When markets turn risk averse, demand for high-yield products dries up. Rising risk aversion sparked a major sell-off on Wall Street this week, with Australia's stock market following suit.
The Aussie dollar dropped from near multi-year highs against the euro and also sold off against a re-invigorated Swiss franc, a classic safe haven for the risk averse.
The Aussie was $0.7574/79 compared with $0.7600/05 late here on Wednesday. The Aussie fell as low as $0.7552 in early trade. The next support level is expected around $0.7525. Resistance is seen at $0.7610, with the euro expected to determine immediate direction.
"A significant stock market correction has commenced that will impact other asset classes. The correction is part of a global asset re-allocation by major overseas fund managers," said Peter Pontikis, strategic analyst at Suncorp Metway.
"The Australian dollar will be under pressure to nudge the lower end of its year's range near the $0.7400 level," he said.
The US dollar has rallied in recent weeks as evidence of inflation fuelled expectations of more aggressive tightening by the Federal Reserve than previously anticipated.
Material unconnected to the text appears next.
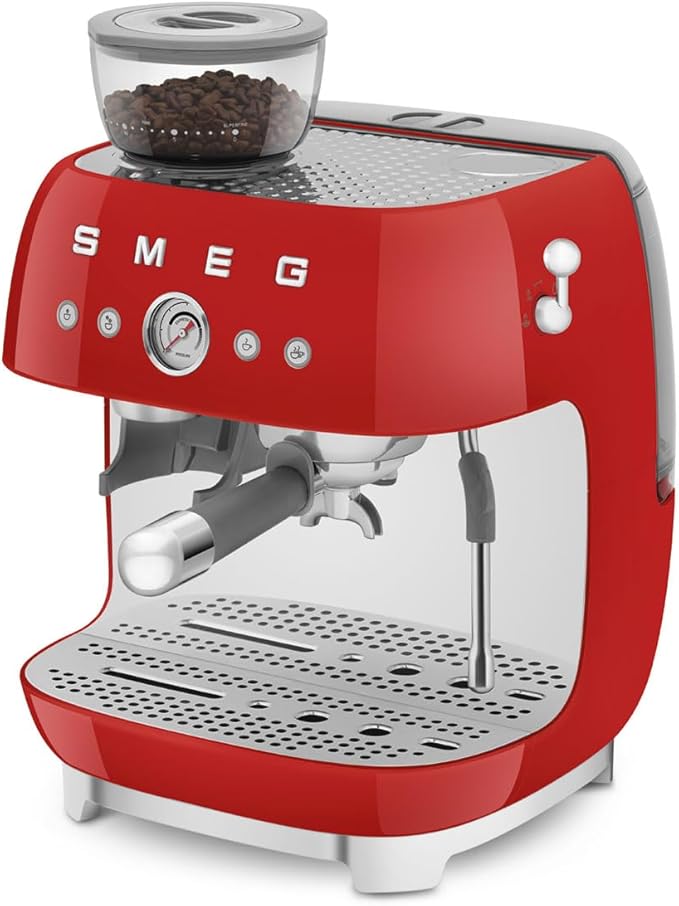 Smeg EGF03 Semi-Automatic Espresso Machine with Built-In Grinder, Dual Thermoblock, 50’s Retro Style – Red (120 V)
But the US currency faltered on Thursday after US data revealed that growth in the services sector slowed sharply last month, while prices surged.
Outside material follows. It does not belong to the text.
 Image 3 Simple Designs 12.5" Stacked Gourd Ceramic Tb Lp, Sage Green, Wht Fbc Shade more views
UBS currency strategist Ashley Davies said a mix of stronger inflation and weaker growth complicated the US dollar outlook and, if sustained, was likely to fuel further strength in the euro and weakness for commodity currencies such as the Aussie.
"The impact on the commodity currencies is unambiguously negative as higher inflation risks will trigger greater uncertainty over the Fed outlook and contribute to higher risk aversion," Davies said.
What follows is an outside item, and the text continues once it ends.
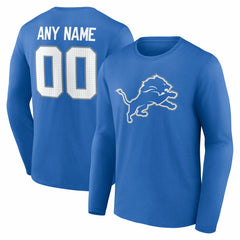 Detroit Lions Team Authentic Personalized Name & Number Long Sleeve T-Shirt Blue | NFL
Analysts have ramped up expectations for US interest rates, also eroding the attractiveness of the Aussie for those chasing yield.
"The overnight decline was deeper than we expected but the outlook remains bullish while $0.7527 support holds," said Craig Ferguson, senior currency strategist at ANZ Investment Bank.
However, a breach of that level would likely prompt a retest of $0.7470 and then $0.7370 on a longer-term view, he said.
The Aussie remained weak against the kiwi dollar.
The Aussie/kiwi cross rate revisited Wednesday's three-week low of NZ$1.0837, driven by more hawkish interest rate prospects in New Zealand than in Australia and demand for the kiwi dollar from bond investors.